WavesI’ve always wondered that if it’s true that we create our own reality, why is it we can’t make people appear and disappear when we want them to? The desire to change our environment is integral to our suffering, it seems. I’ve had the strangest life and this has been one of my biggest questions. If we create our own reality, why is my reality so haphazard? What in my energy makes for abrupt starts and endings? My teachers would say that it is karma, that something in my energy in the past created this slide show of meaningless relationships. Oddly, though I’ve come to realize over the years, that someone I meet in one moment, influences another moment way down the line even though they are no longer there. In this way, I’m not sure we’re ever disconnected from the people that come and go from our lives. There is meaning, but it is spliced over different time frames and I may not know one moment from the next what gift this person brings later. It’s the way distributed systems move, that sometimes when we try to make sense of it in a hierarchal fashion, we fail miserably. The whole thing is a vast illusion of separation until we realize that even the smallest act can have much larger significance, not just for one individual, but many.

One Choice Among Many

Recently, I had a water heater break on me. It’s a standard 40-gallon gas water heater that is located centrally and distributes how water throughout the house. I called the gas company to come and give me an estimate  ($1300), which they did. I then scheduled them to come and replace the water heater and all of a sudden when the second people come, I’m told the water heater can’t be replaced due to improper venting. That I can’t put it where it was before and my only other option is to place a tankless hot water heater somewhere else, costing me thousands more due to some new regulation on gas hot water heaters that did not apply to the old one. Of course, I turned them down. I decided to look at a different system and started with solar, moved to electric, and then realized: “Why do I even think I need a central hot water heater?” The house is small, it’s pretty much just me and an occasional visitor and I don’t need gallons and gallons of hot water heated day and night. It’s overkill. What I need is a distributed system that heats only the water I need when I need it. Come to find out there are point of use mini tankless heaters I can use that will work fine for my needs. They cost about a couple hundred bucks. Instead of having one central heater, I am opting for multiple tiny heaters around the house. Why? It’s less expensive to install and replace. I would never bother repairing, just switching out. When one dies, two others would still be working, hopefully.  There would no longer be a huge tank  somewhere ready to rupture at the worst possible moment – making me shut off all the water to the house because of a faulty shut off valve. It’s the idea that a distributed system is going to be far less expensive, and much more robust for the minimal needs I have, easier to repair, and far less dangerous or destructive.  Just as I reasoned that out, I understood why we are now establishing connections all over the world on the Internet. Distributed systems are far more practical for sustainable living and we’re mirroring that in all aspects of our lives, even friendships on Facebook or Twitter.

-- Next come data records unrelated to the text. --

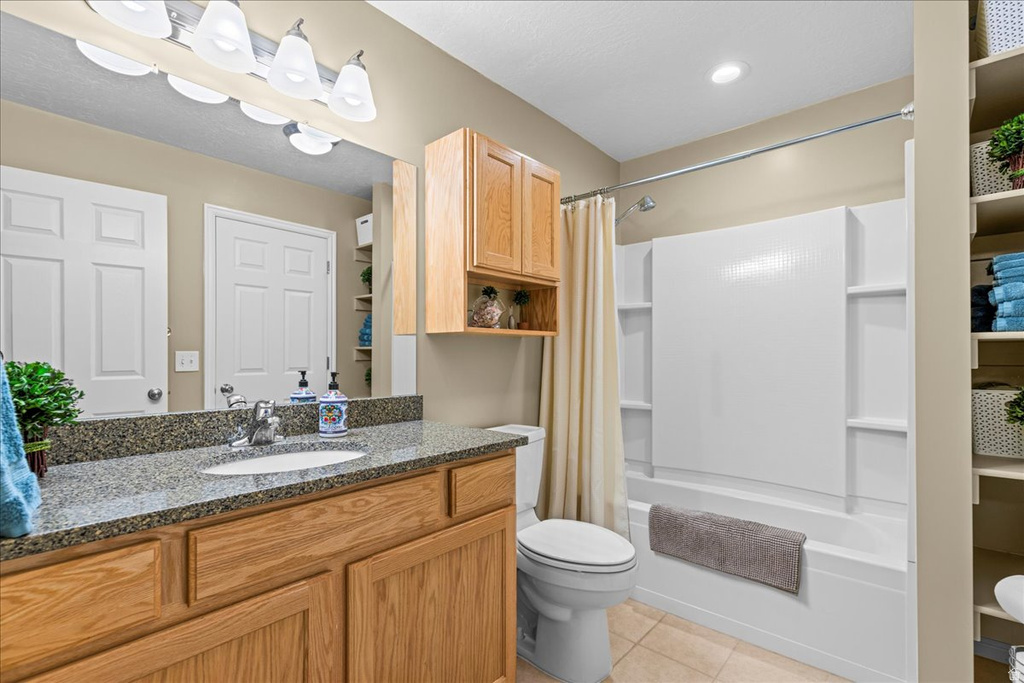 952 W FOXBORO DR North Salt Lake, UT 84054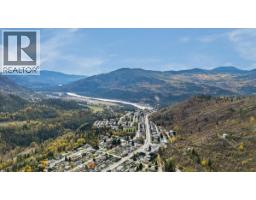 710 10th Avenue, Montrose, BC V0G1P0 Photo 43
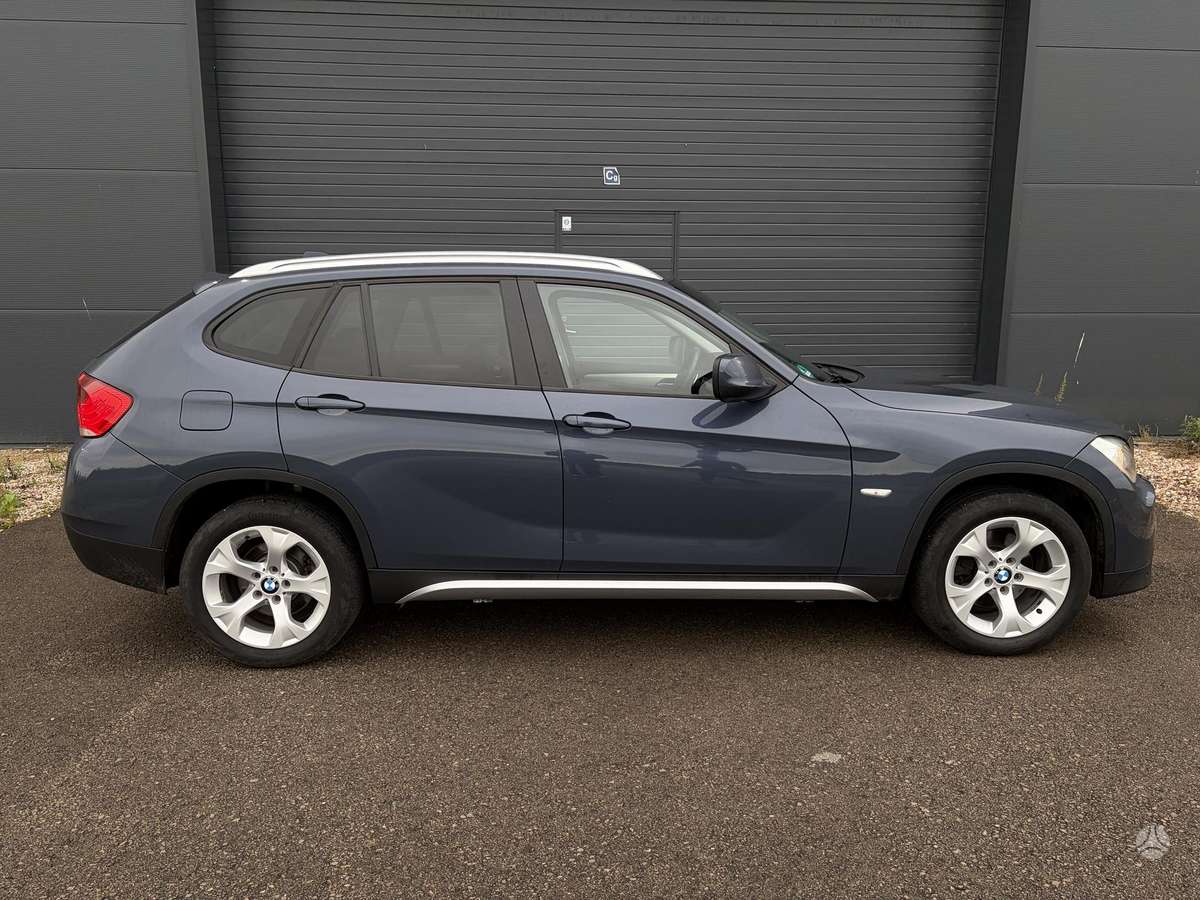 BMW X1 2011 — двигун 1995 cm³, 177 HP (130kW)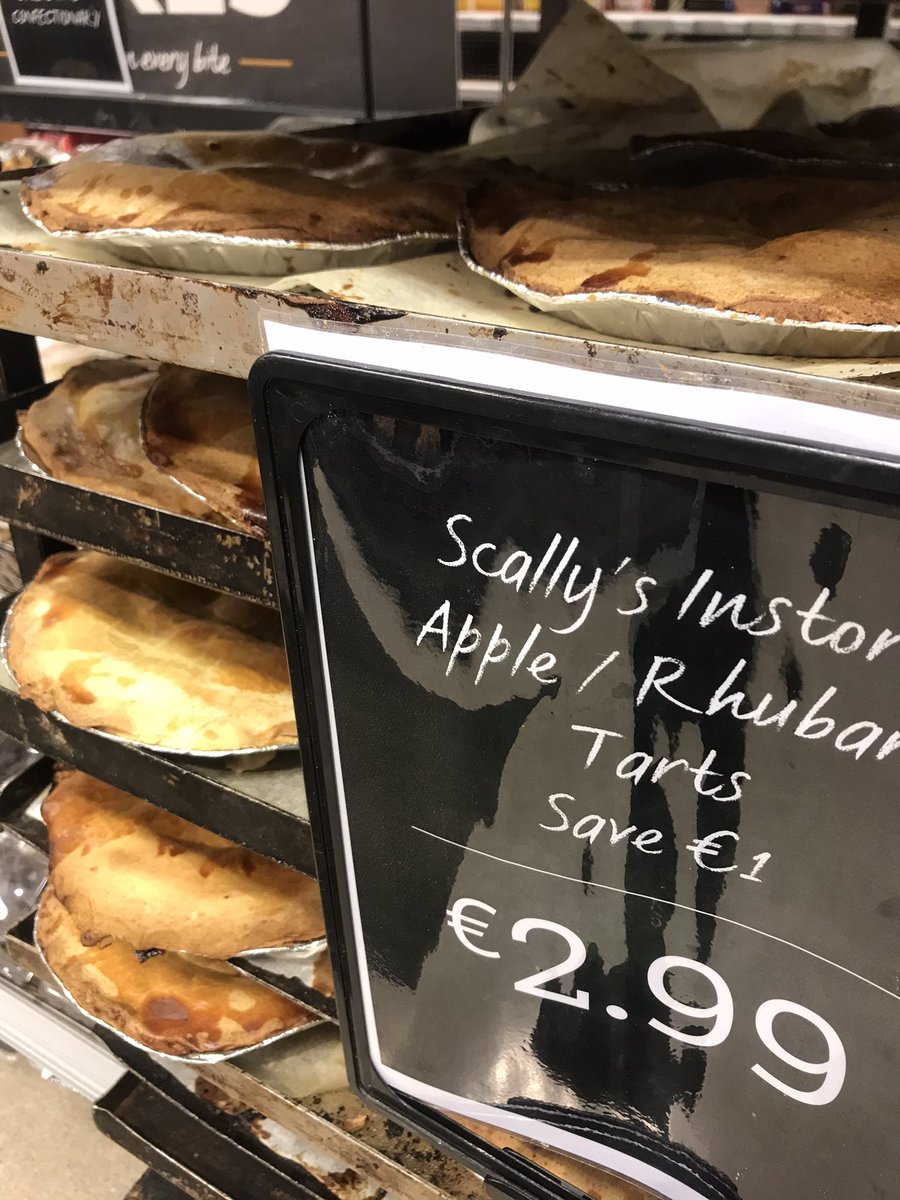 ScallyBlackrock's tweet image. Sunday offers running today 

Large Rotisserie Cooked Chicken just €5 

454gr Cooked honey glazed bacon joint €5

Freshly prepared in store Swissroll
Half price €3.45

Freshly baked in store Apple tart 
Just €2.99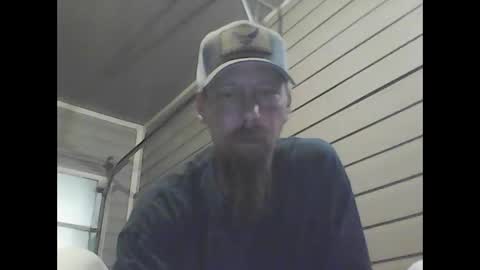 Snapshot of elwooood7 chatting on 12/29/24, 02:21 elwooood7 online show from 12/29/24, 02:21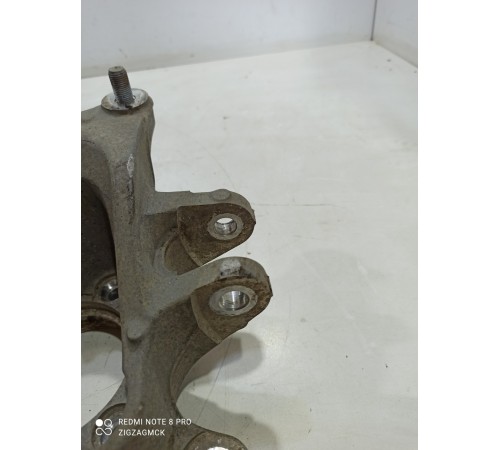 Кулак поворотный(задний правый)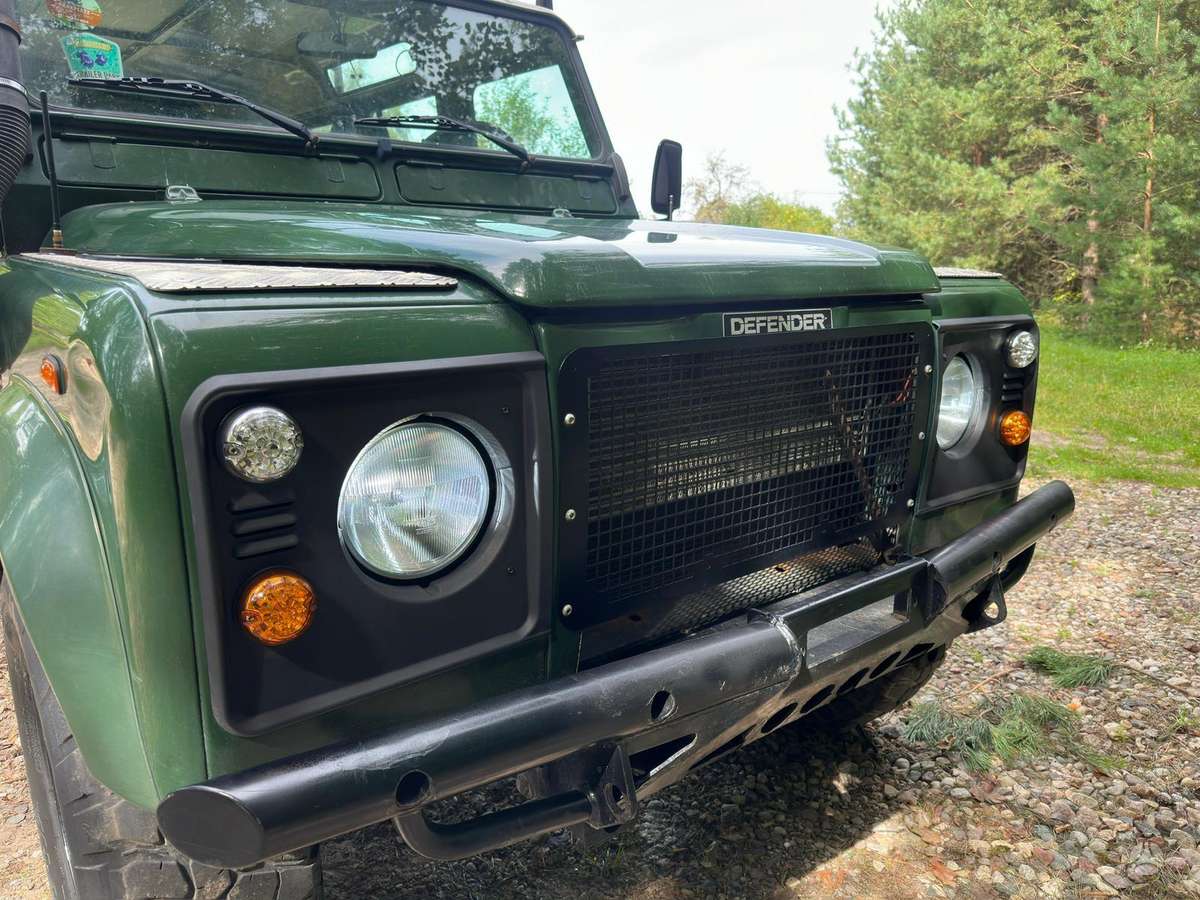 Land Rover Defender - 12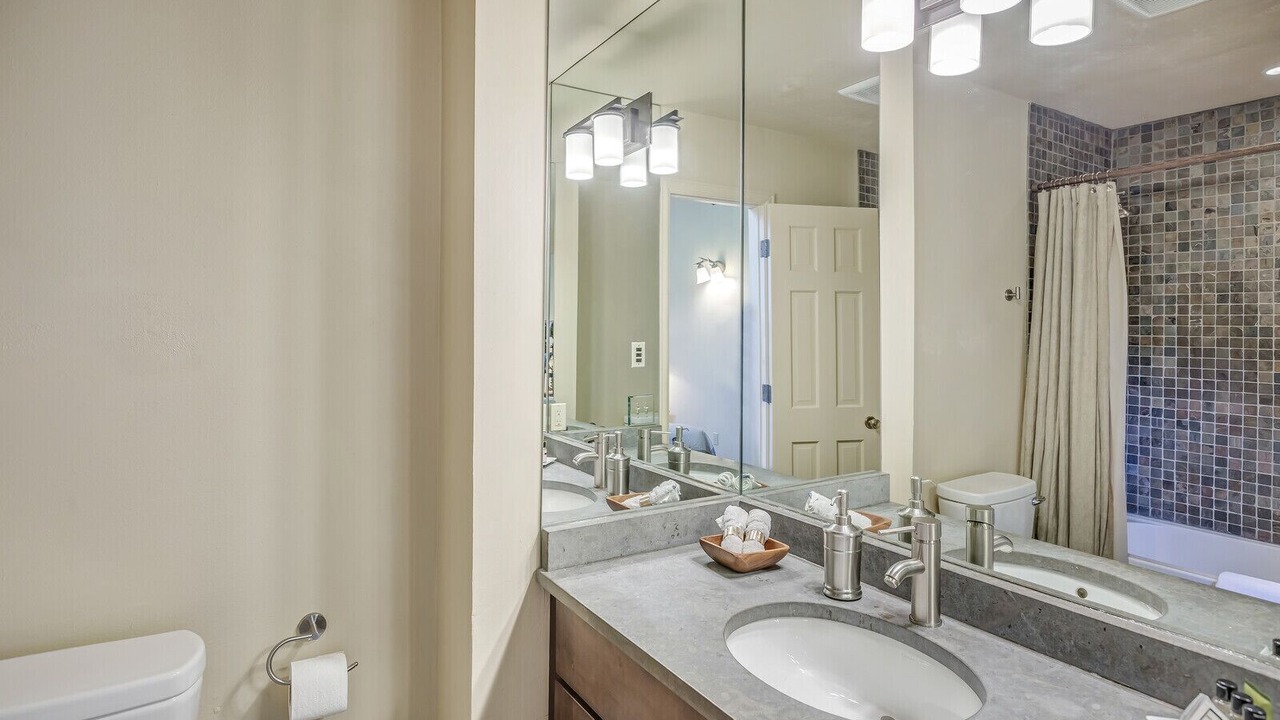 Photo of Bedroom in Snowmass Village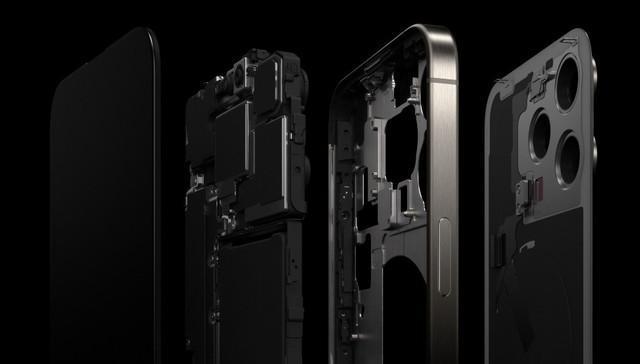 华为Mate60 Pro /iPhone 15 Pro Max对比 谁更超大杯？
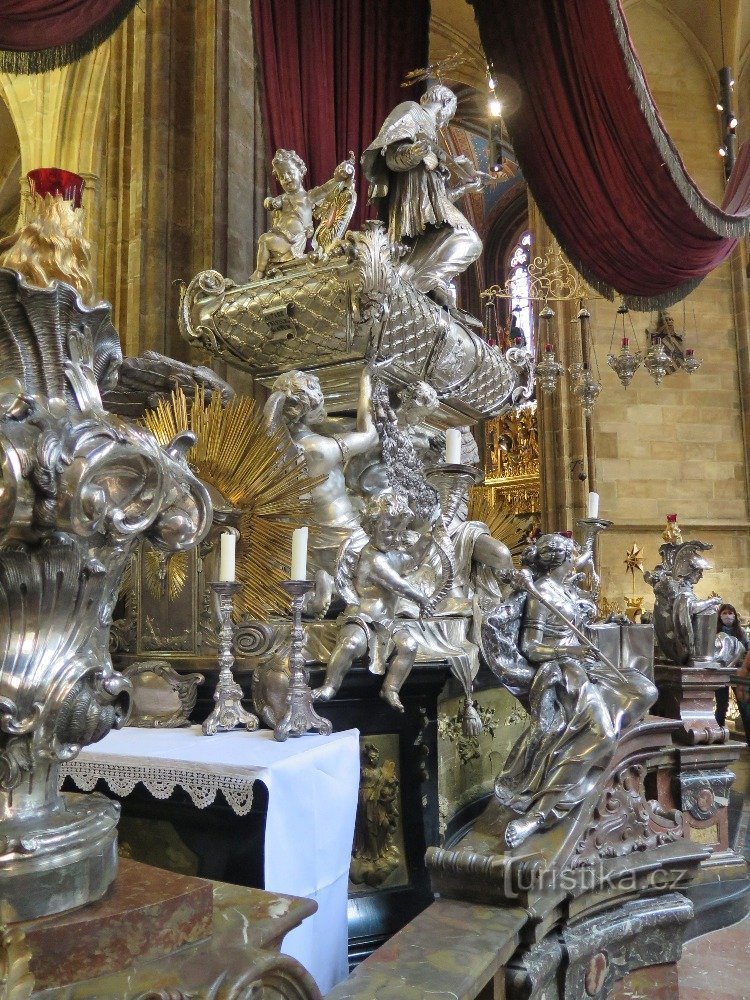 Praga - lápide da catedral de St. Jan Nepomucký, a maior peça de prata da República Checa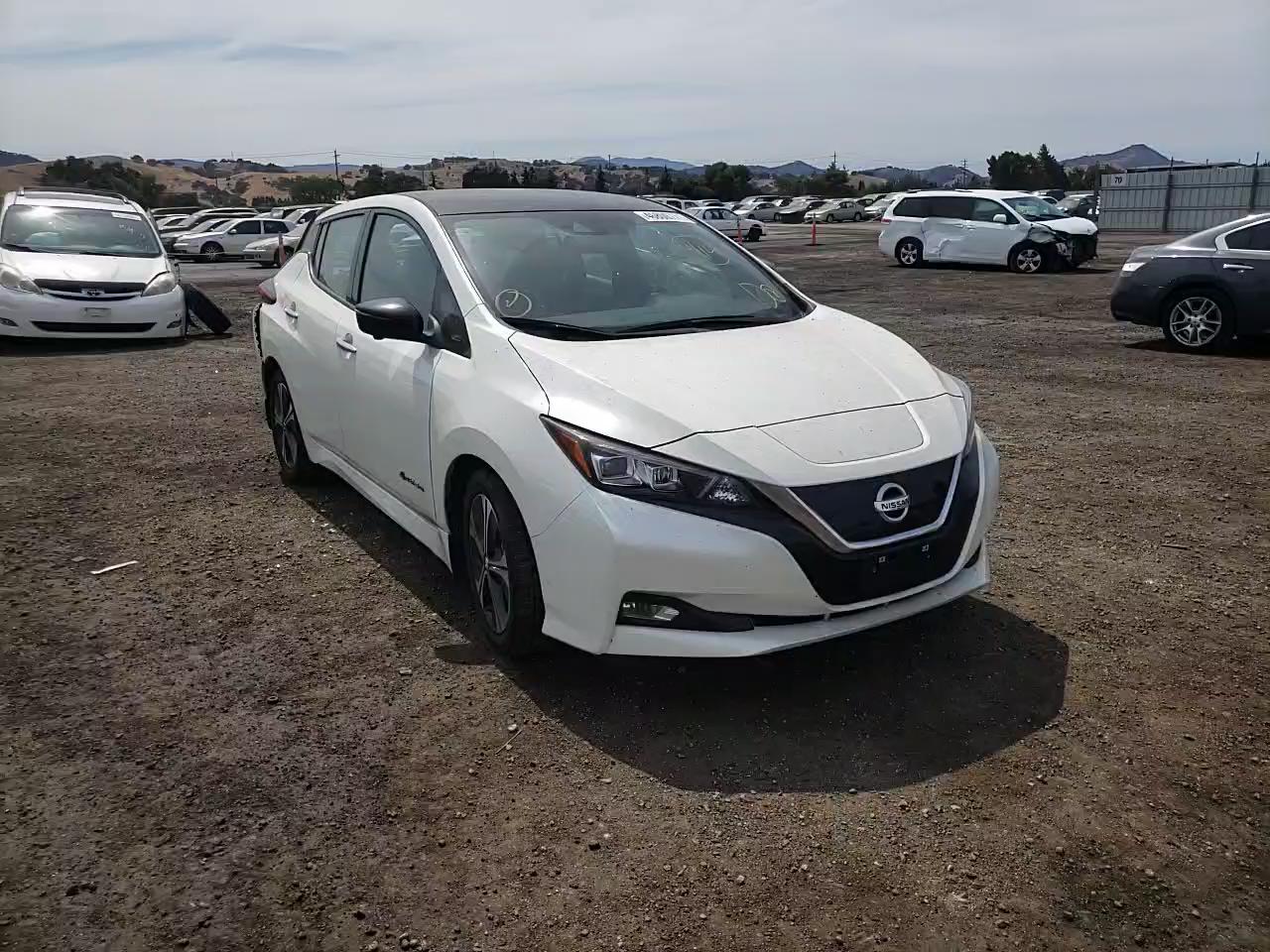 2018 NISSAN LEAF 1N4AZ1CP0JC302483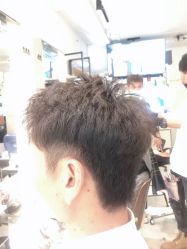 -一東造型烫发染发
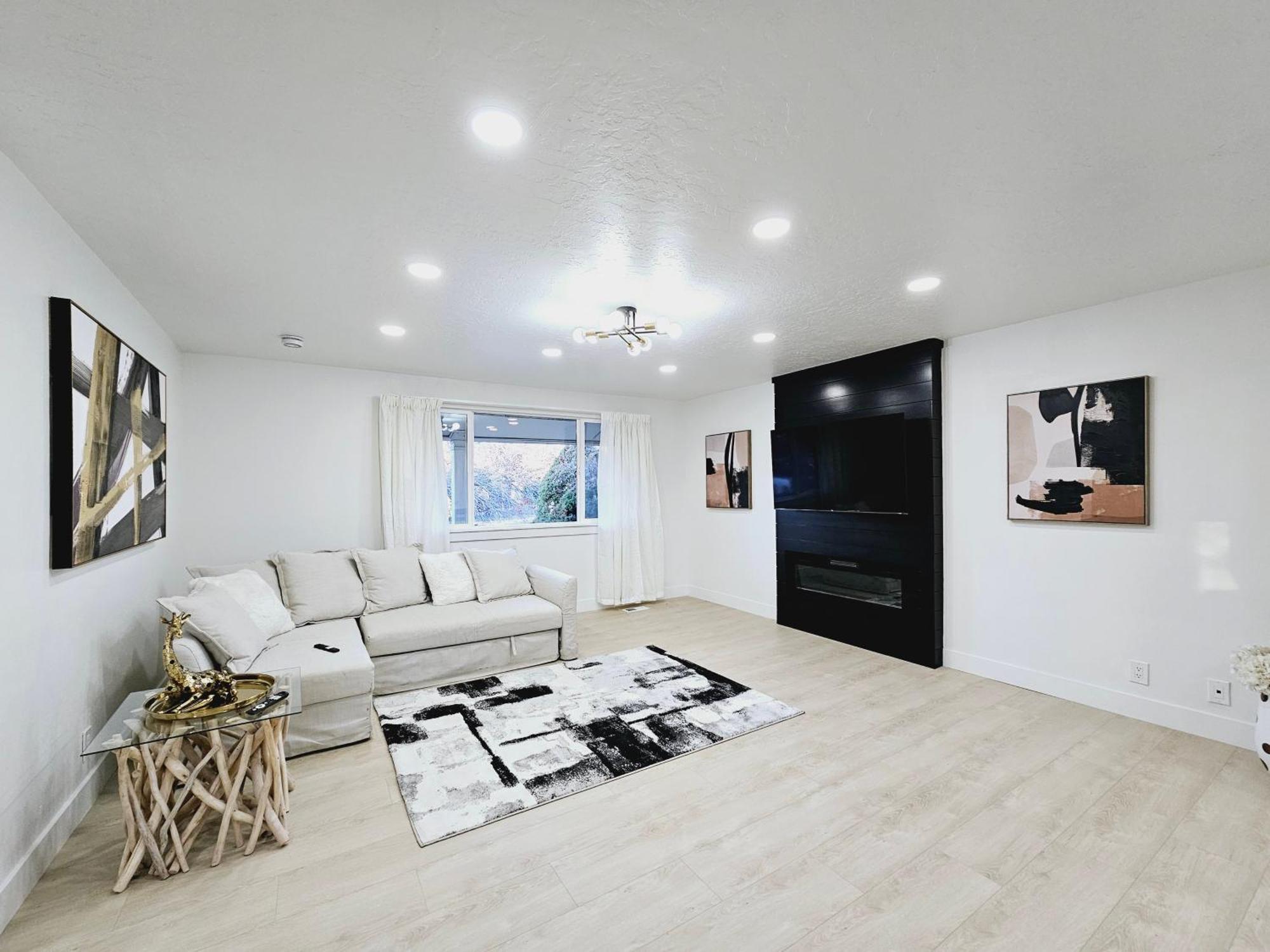 Luxury Getaway Close To Skiing Hiking In Slc サンディ エクステリア 写真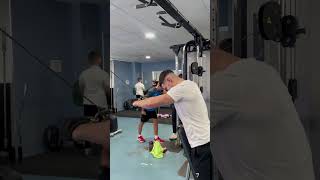 REVERSE CABLE CROSS EN BANCO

The Effect of Distributed Systems

So, what happens when we start to adopt a distributed system in some area of our lives? For us, it can change our preferred patterns of behavior. If someone else notices, they might mimic your choice. If enough people notice, and choose a distributed system, like mini tankless hot water heaters, the gas company’s very existence is threatened. We might begin to wonder about our furnaces next. When we choose a distributed social system, instead of hierarchal we begin to move in ways that are healthier for us and the planet. We stop thinking we have to listen to the experts at some company because we’re all experts. We generate more creative solutions and begin to figure out that the idea that our choices are limited is a fallacy. They’re only limited if we’re tied to systems that limit them. If we opt  into newer systems, we generate greater freedom. When we friend someone new, we’re opening new avenues of creativity and potential. Every person is a treasure to be discovered. Even our ideas of family are changing. It is no longer just who birthed up, it is also more distributed with step-families, adopted families, and friendships that are completely virtual, at times.

Are We Really Standing Still?

Our movement on the planet appears to be slow. The Great Recession has felt very stagnant for numerous people, with movement into new jobs and new opportunities appearing limited. However, it’s probably a mirage. If we are truly opting out of hierarchal systems to a more distributed approach, what we need to look at is micro-movements now, not major shifts. It’s not about whether one large company falls – it’s bound to as things get more and more distributed. Those systems will appear stagnant and broken, however, underlying that there must be a literal foaming sea of movement as individuals create distributed lives that are far more sustainable in their very micro-movements. Maybe it’s a tiny movement like opting out of central hot water heating. Maybe it has to do with opting into something like Twitter. The pattern of our very lives are changing, but not in physical structures, it’s in a movement of choice and awareness. Once you start to realize that, you realize that world is literally vibrating with excitement and new choices as every individual takes up a Creator role.